US - President George Bush is today expected to sign the pensions bill that would overhaul the nation's pension system and is said to better protect pension plans going forward.
The bill will close loopholes that allowed underfunded plans to skip pension payments as well and will mean tougher funding requirements to ensure employers adequately and consistently fund their pension plans.
It will also enhance disclosure to give workers and retirees more information about the status of their pension plans and protecting multiemployer pension plans for workers and their employers.
But one of the most significant points from a taxpayer perspective is that the bill was designed to protect citizens from being burdened with potentially multibillion-dollar debt should the Pension Benefit Guaranty Corp (PBGC) go bankrupt.

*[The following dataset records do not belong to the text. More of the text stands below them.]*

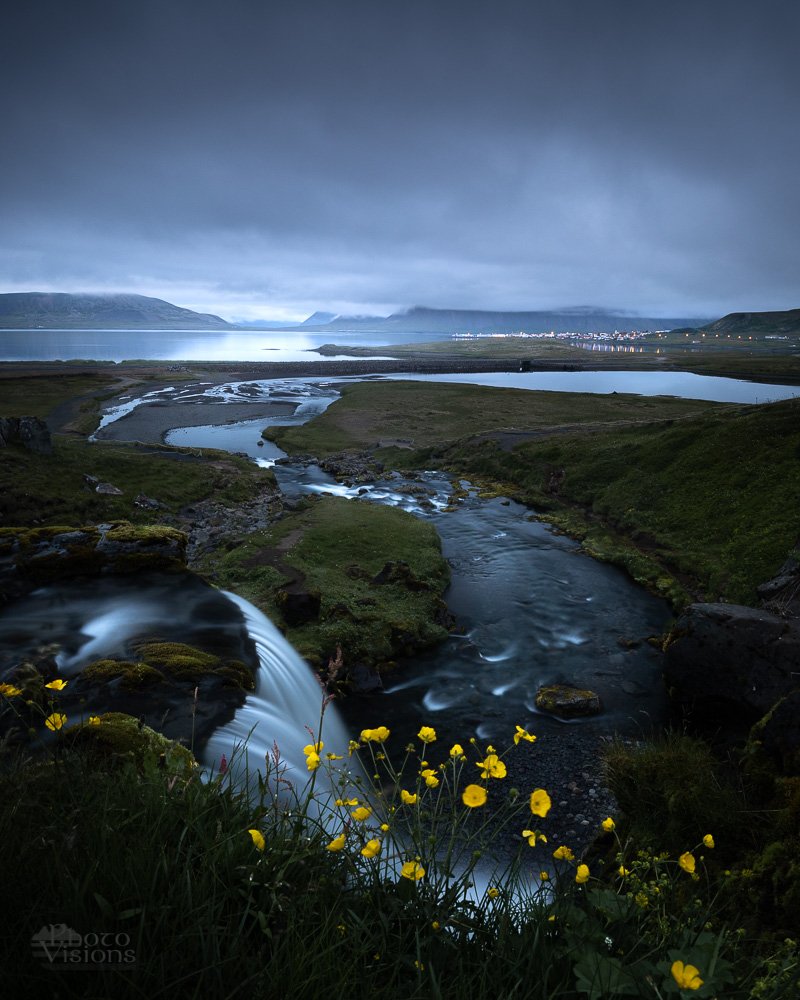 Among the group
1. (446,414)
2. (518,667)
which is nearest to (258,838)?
(518,667)

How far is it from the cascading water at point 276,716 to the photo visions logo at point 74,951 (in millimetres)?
5151

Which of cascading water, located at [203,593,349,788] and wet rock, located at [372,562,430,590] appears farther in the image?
wet rock, located at [372,562,430,590]

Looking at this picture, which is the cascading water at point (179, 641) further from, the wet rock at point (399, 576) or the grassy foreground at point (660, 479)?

Although Bush is expected to sign the bill today, opinions are still divided on the issue. PBGC board chairman Elaine Chao said the bill would strengthen funding, improve transparency and reinforce the pension insurance system, and added:
I encourage American employers to fully fund their workers' pension programmes as soon as possible, using the flexibility provided in this legislation to contribute additional funding during good economic times, said Chao.
But George Miller, senior Democrat on the House Education and the Workforce Committee claimed the bill would require companies to contribute almost $30bn less to their workers’ pension plans in the next five years than they would have to under current law.